This argument contradicts the conclusion of a hypotethical alien probe, which
declares the planet uninhabitable due to and over abundance of water, snow,
deserts and mountains. The probe in this scenario is a collection of randomly
distributed naked mindless humanoids tasked with surviving for 24 hours.

snippets from: <http://en.wikipedia.org/wiki/History_of_Earth>
<http://en.wikipedia.org/wiki/Oxygen_catastrophe>

The author states that our planet has been habitable for about 8% of its life
and that the Sun's impending death would detract from Earth's appeal.

------
teeja
100 years ago many people -in the US- had 10 kids in hopes that 2 or 3 would
survive. Earth was far from habitable up until then. Most of us -in the US-
live far better than a _king_ did two centuries ago. (One example: look into
the history of royal toilets.)

Good article for reminding us that life has never (until lately) been a
(relative) bowl of cherries. He missed one thing: we're our own worst enemies.
E.g., we nearly killed ourselves off not too far back (nuclear war).

------
fjabre
Excellent read.

Take into consideration threats from external sources like asteroids & evil
spaceships and you've got even less of a probability of survival. ;)

------
wglb
For an antidote, read Larry Niven, some of the Known Space novels--he claims
that humans are not suited to space, because they grew up in this idyllic
world which prospered in a narrow band.

------
etherael
From article:

There are other mechanisms that might render the Earth uninhabitable by our
kind of life. Over geological time, the partial pressure of oxygen in the
atmosphere has risen. With more solar energy inputs, it may be that oxygen
levels continue to soar. Above about 28%, even waterlogged biomass will burn
handily: and there are indications that atmospheric oxygen (currently down
around 16%) has been well over 20% in the past. If oceanic photoautotrophs
pump out too much of the stuff, the continents may well be burned back to
bedrock by the resulting lightning-triggered fires.

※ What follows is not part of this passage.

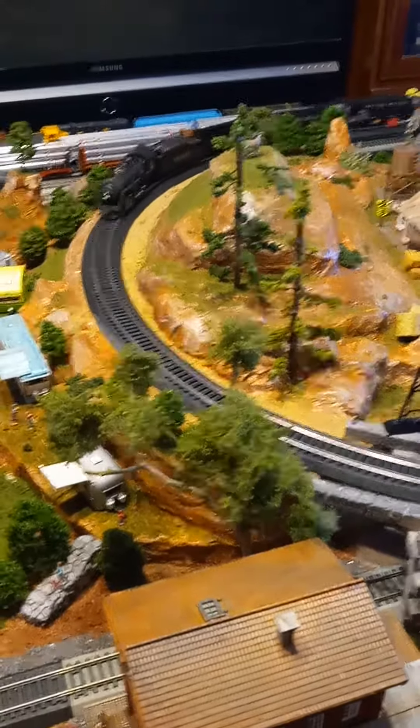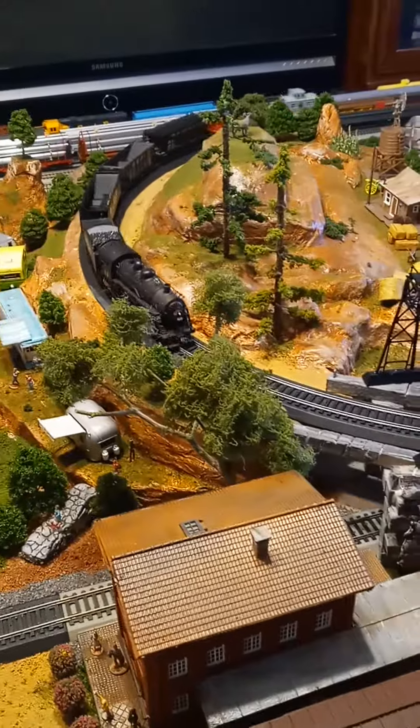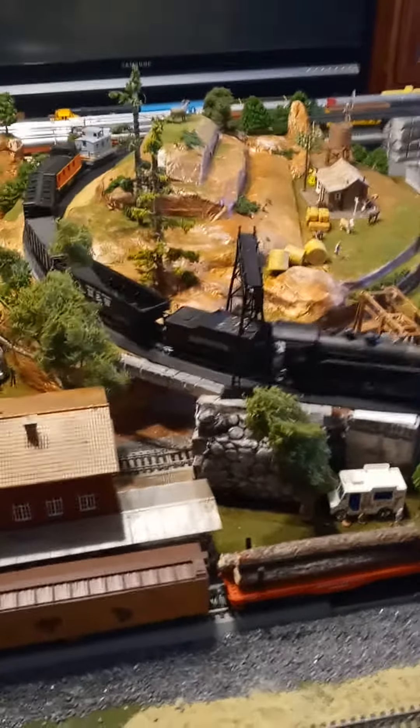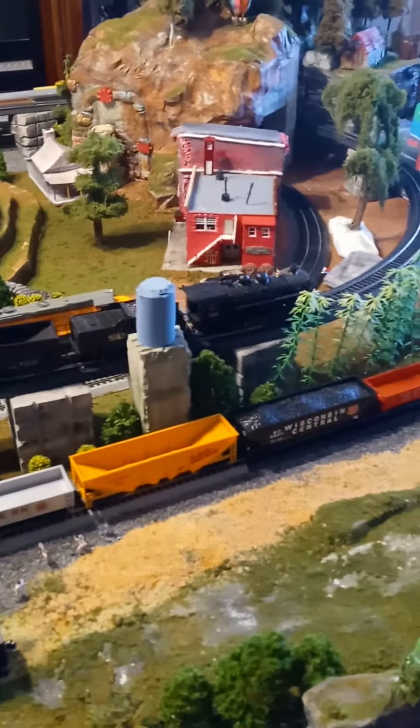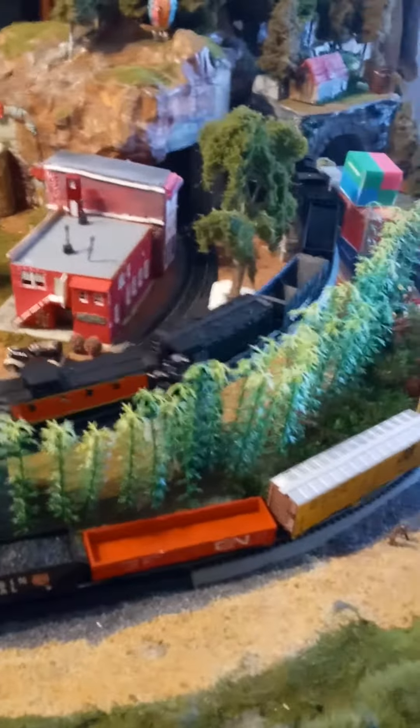Here we are at the J&R Railroad. All these mountains are made out of styrofoam and plaster cloth. They sell tools to cut the styrofoam. It's really a lot of fun — something to do in your evening when you're kicking around with nothing else to do.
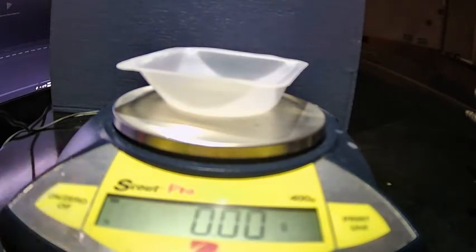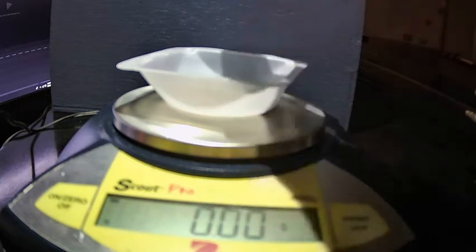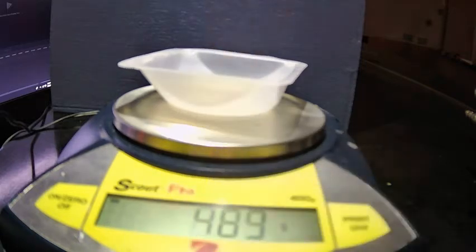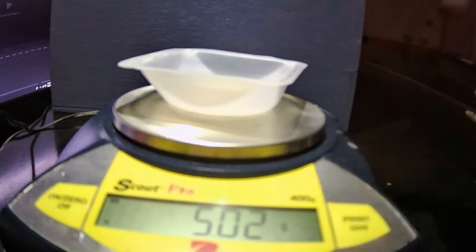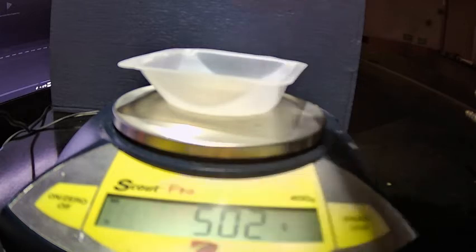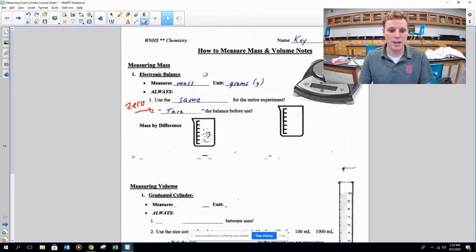The moment you walk up to a balance, the first thing you should do is hit that zero or tare button so it reads zero. We're essentially telling the balance: whatever you currently have on you doesn't count toward the mass — I only want to count what I add now. So when you add your substance, you know for sure — for example, 5.02 grams — and it does not include the dish or anything else.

I get that more oxygen in the atmosphere = a potentially combustible
atmosphere.

What I'm a little confused about is why we never hear about spontaneous
greenhouse fires? Wouldn't the presence of all those leafy greens push large
amounts of oxygen into the (relatively) closed local atmosphere? or is the
innate ventilation to the outside world from a not purposely constructed
vacuum environment enough to offset the potential dangers of this? I assume it
must be or we'd at least occasionally hear of greenhouses resulting in
explosions?